One morning I read in the paper the following announcement: "The Knights Templar of the United States have made their plans to celebrate the 29th triennial conclave of Knights Templar to be held in San Francisco, Cal., September 4 to 9. The occasion will be of universal character, representatives from all the world; and Great Britain will send to this imposing ceremony the highest officials that control the affairs of the chivalric order of Freemasonry in the British Isles. The Earl of Euston, most eminent and supreme grand master of great priory of England and Wales and the dependencies of the British crown, were coming with credentials to represent Edward VII, the king of England." I was looking forward to my visit to California, since I left New York, but I never expected the time for me to go there would come so soon as it did. I was longing to see a great gathering of Freemasons, of this class of men, that, in every country represents the highest ideals of good citizenship.
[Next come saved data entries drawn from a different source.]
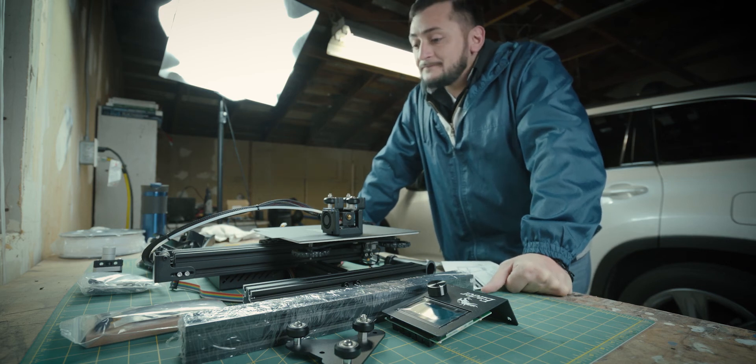Welcome back YouTube. Today we're going to be building my Ender-3 Pro.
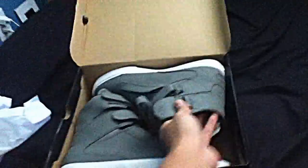Let's see if I can get them out of the box. Okay, here's the left shoe, here's the right shoe. I gotta say these are some pretty decent — no, not decent, these are awesome shoes. What am I talking about? These are awesome shoes.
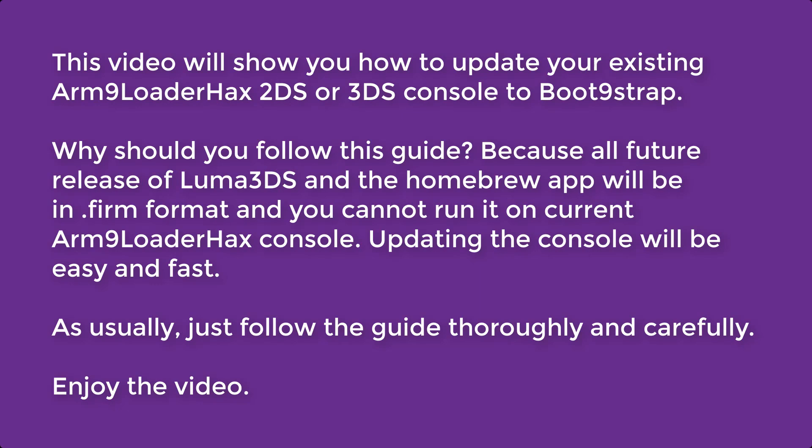This video will show you how to update your existing ARM 9 Loader Hacks 2DS or 3DS console to boot 9strap. Why should you follow this guide? Because all future releases of Luma 3DS and the homebrew apps will be in .firm format, and you cannot run it on the current ARM 9 Loader Hacks console.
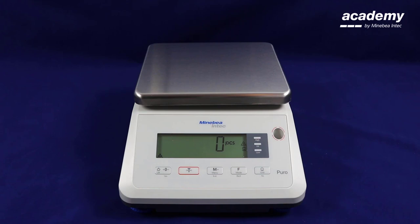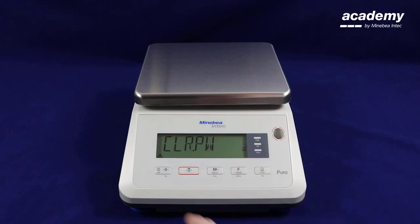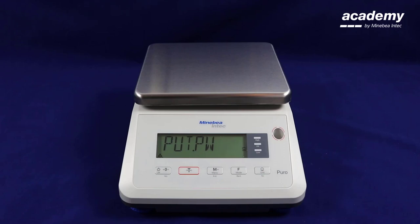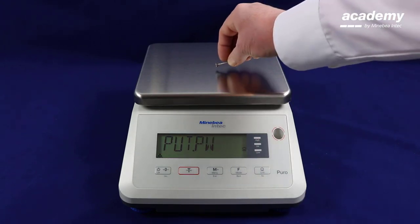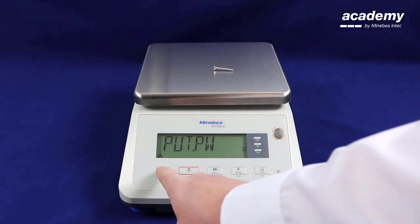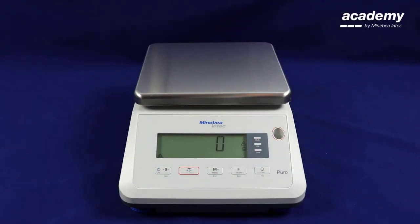Press zero to clear the scale. Press and hold the function key again on count, then accept to clear the piece weight, and accept for ten references. If you press accept with no piece weight on the scale, you will see the reference error appear on the screen. This is displaying that any load can be accepted as a reference weight.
With a few days preliminary preparations, I bade good-bye to my employer, and well supplied with recommendations from some influential friends and acquaintances which I had made in Chicago, I saw myself off to California, on the forenoon train, the 25th of June, 1904.
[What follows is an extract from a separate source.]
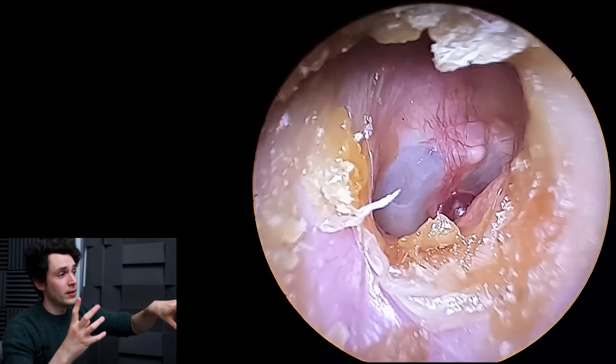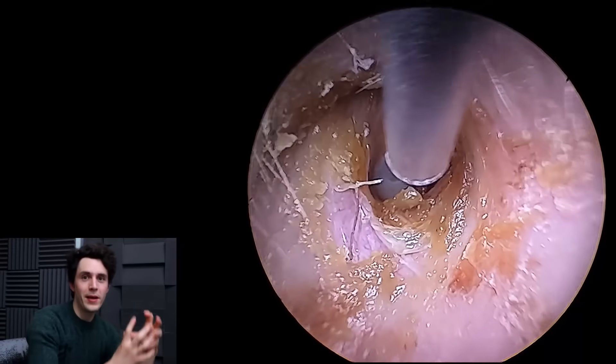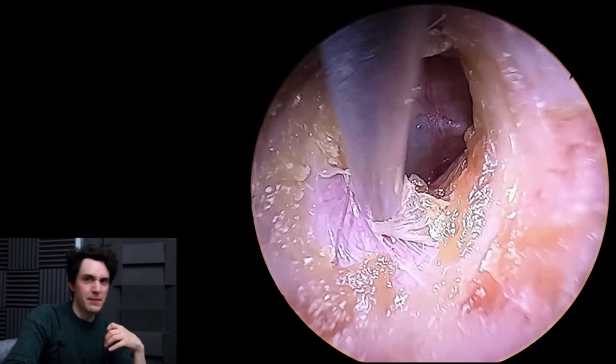Capillaries have ruptured and now we have blood pooling in the tissues. Instead of bruises all over the shop, it's just formed this perfect orb basically on the drum. So I'm calling it a hemorrhagic bleb, but you can call it a hematoma as well.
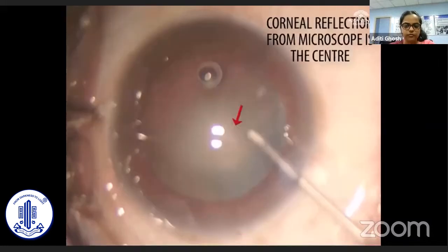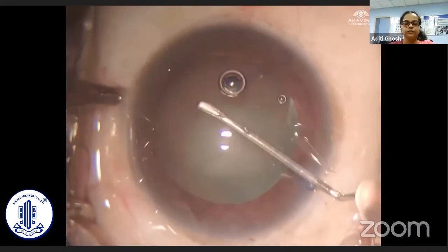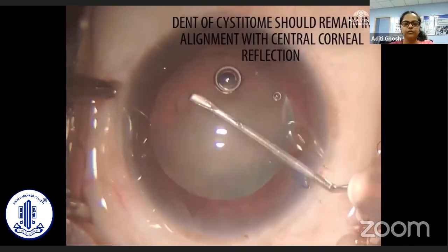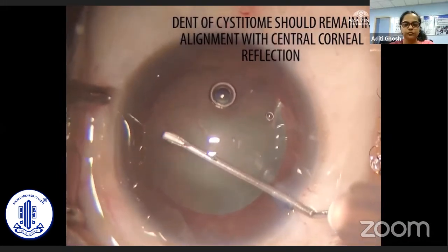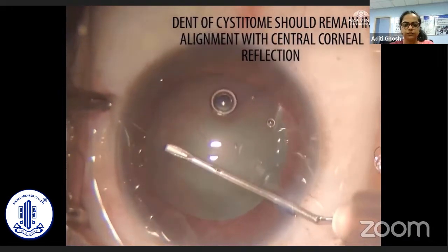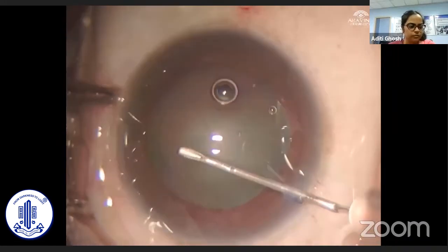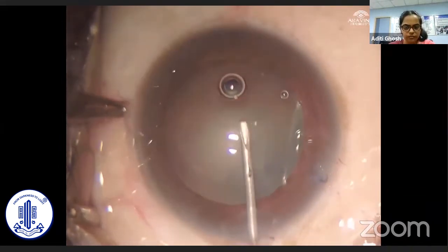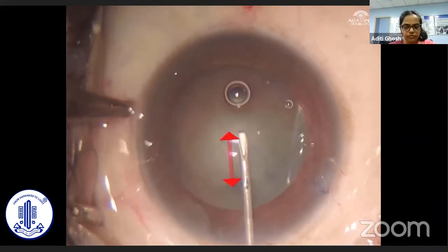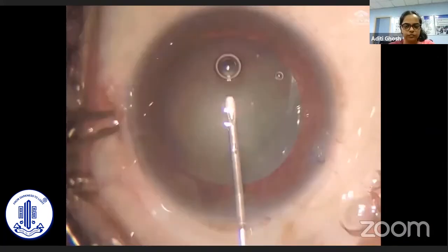For intraoperative application, the corneal reflex of the microscope is used as the rhexis center. The rhexis flap is then raised routinely, keeping the dent of the cystitome in alignment with the corneal reflex to obtain the adequate rhexis radius. A circular and adequate rhexis is ensured in all clock hours by repeatedly measuring the rhexis radius while maintaining alignment of the surgical landmarks: the central corneal reflex, the margins of the rhexis, the tip of the cystitome, and the dent on the cystitome.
The trip was uneventful, excepting the unbearable heat and dust, especially going through the States of Oklahoma, Arizona and New Mexico, and the number of Indians, which, for the first time in my life I beheld in their own skin living and moving contented as though they still were the dominating race on the continent, with their square faces painted in various colors, wrapped in their blankets, and bare-footed, their feet being very much like those of a mud turtle, they were the real thing.
CHAPTER VIII
Honorable Submission
There was a time when the Eastern part of the United States looked upon San Francisco as the coming New York of the Pacific Coast, but since the disastrous earthquake in the year 1906, the stream of progress as a great commercial center has been turned rather towards the Northern Pacific Coast, yet San Francisco with its great harbor, the ever increasing commercial developments and number of other advantages, still is a magnificent attraction to the homeseeker, who for the last few years has been very sceptical in his preference on account of existing unfavorable conditions regarding the city's government which is the prey of dishonest politicians. For this and many other reasons I should never make my home within the limits of the city of San Francisco. There are beautiful localities within short distances, desirable in every respect and beyond the claws of the city hall of San Francisco.
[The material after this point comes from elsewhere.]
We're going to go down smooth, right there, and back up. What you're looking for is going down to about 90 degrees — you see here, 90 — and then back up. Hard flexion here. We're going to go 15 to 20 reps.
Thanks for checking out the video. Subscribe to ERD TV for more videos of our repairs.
Mount Tamalpais, I believe, is a most pleasant location for the lovers of nature. Words fail, and it is beyond the ability of my pen, to even attempt to describe, the beauties which nature has bestowed upon the Mount of Tamalpais. Situated just across the bay of San Francisco, by the way of Socialito, on the train to Mill Valley and whence on the crookedest railroad in the world, climbing 2000 feet above the tide of water, we reach the lower top of the mountain, and there we find accommodations to entertain kings and princesses, and the most eccentric Yankee. Yet, I am assured, that scarcely one-tenth of the visitors to California, have ever had the exceptional privilege to spend 24 hours, on the top of Mount Tamalpais, and thereafter all through their lives enjoy the most wonderful recollection in all God's creation.
The Alps in Europe are too stupendous to be compared with this majestically magnificent mount of Tamalpais. The Himalaya in Asia are too brutish to be considered as a rival of this gentle and illustrious sky-scraper. The Olympus and Parnassus of Greece are out of season to be paralleled with this up-to-date marvelous throne of their Majesties the Kings of America. There is the Tamalpais Hotel, a real palace, where the guests can rest and from the verandas or the windows of their own rooms observe the animating sights on the left hand side the snow-covered top-heads of the mountains and following to the right look down upon the valleys and behold the myriads of orange and lemon and all the fruit-bearing trees blooming all the year around and decorated like brides in their wedding procession, not only for a few moments, till the law ties the knot, but forever as long as the life-giving climate of beautiful California lasts and time shall be no more.
When I went up to the Mountain, looking for employment, because I wanted to locate myself in such a place, if I could, till the celebration of the Knights Templar was over, I was surprised to find that the General Manager of the Hotel and the R. R. Station was a lady, of a striking majestical appearance, she was the controlling power of the whole business on Mount Tamalpais, and she was not a suffragette either. But she was a loving mother of two beautiful children, a typical Yankee girl, well up in her teens, supervising over the chambermaids, and variously assisting her mother, and an active boy of sixteen, the good-fellow of everybody, and especially to the Chinamen employed in the kitchen. Mr. Johnson was the husband and father of this happy family, and he occupied the position of butler of the house, receiving orders from his beloved wife.